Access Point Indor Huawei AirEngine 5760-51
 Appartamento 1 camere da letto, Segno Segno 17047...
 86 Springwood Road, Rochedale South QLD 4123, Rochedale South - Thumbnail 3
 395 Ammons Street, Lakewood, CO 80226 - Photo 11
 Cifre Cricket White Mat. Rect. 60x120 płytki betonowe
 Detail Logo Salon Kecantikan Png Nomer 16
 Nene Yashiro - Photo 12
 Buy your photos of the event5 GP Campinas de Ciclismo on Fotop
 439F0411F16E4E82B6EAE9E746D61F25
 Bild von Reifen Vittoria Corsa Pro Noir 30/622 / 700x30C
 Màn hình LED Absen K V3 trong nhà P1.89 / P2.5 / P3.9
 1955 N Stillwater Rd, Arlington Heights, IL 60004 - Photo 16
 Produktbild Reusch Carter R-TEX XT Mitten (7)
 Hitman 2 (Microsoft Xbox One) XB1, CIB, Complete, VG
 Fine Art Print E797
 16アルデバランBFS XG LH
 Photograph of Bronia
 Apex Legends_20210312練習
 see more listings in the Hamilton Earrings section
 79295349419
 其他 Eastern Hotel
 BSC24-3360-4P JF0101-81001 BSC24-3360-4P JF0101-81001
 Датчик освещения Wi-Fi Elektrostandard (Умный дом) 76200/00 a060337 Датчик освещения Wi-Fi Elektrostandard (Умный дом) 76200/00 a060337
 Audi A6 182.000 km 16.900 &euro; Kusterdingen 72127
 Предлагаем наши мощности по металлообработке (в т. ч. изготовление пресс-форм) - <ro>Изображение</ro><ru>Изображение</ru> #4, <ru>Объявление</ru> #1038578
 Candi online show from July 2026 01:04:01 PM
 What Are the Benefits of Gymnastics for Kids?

What you have to do:
Word for word, reproduce the listing from its first line through the line that has "Cifre Cricket White" in it, and go no further.

Output for this exercise:
Access Point Indor Huawei AirEngine 5760-51
 Appartamento 1 camere da letto, Segno Segno 17047...
 86 Springwood Road, Rochedale South QLD 4123, Rochedale South - Thumbnail 3
 395 Ammons Street, Lakewood, CO 80226 - Photo 11
 Cifre Cricket White Mat. Rect. 60x120 płytki betonowe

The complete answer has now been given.